*Exercise prompt:*
In the material below, find the line with "Preview for 72" and the line with "PDF Kinetic Hydrate", then output those two lines and every line between them, exactly.

*Provided data:*
########################################
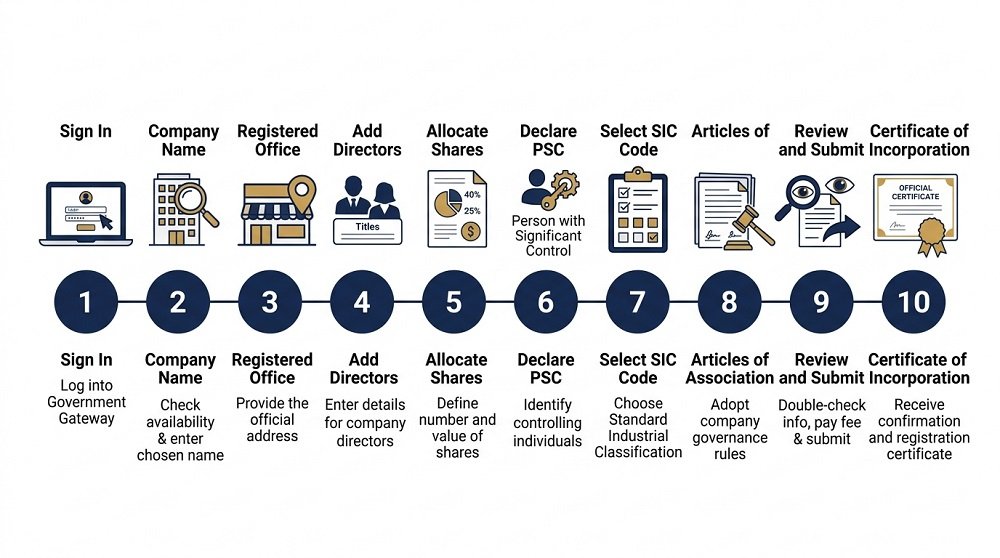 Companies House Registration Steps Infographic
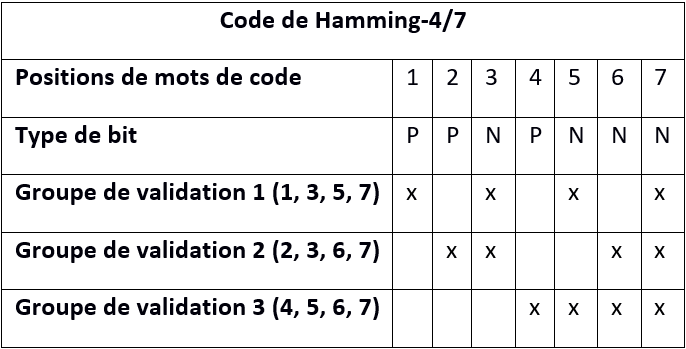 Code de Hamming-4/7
########################################
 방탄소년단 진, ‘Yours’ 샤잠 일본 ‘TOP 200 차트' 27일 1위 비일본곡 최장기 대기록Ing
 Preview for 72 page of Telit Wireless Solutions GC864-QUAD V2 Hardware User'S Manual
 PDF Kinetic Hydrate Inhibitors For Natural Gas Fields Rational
########################################
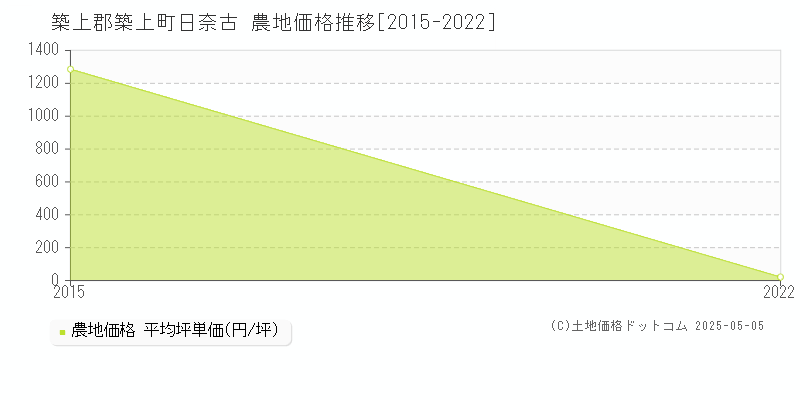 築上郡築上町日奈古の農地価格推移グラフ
########################################
*Result for this exercise:*
 Preview for 72 page of Telit Wireless Solutions GC864-QUAD V2 Hardware User'S Manual
 PDF Kinetic Hydrate Inhibitors For Natural Gas Fields Rational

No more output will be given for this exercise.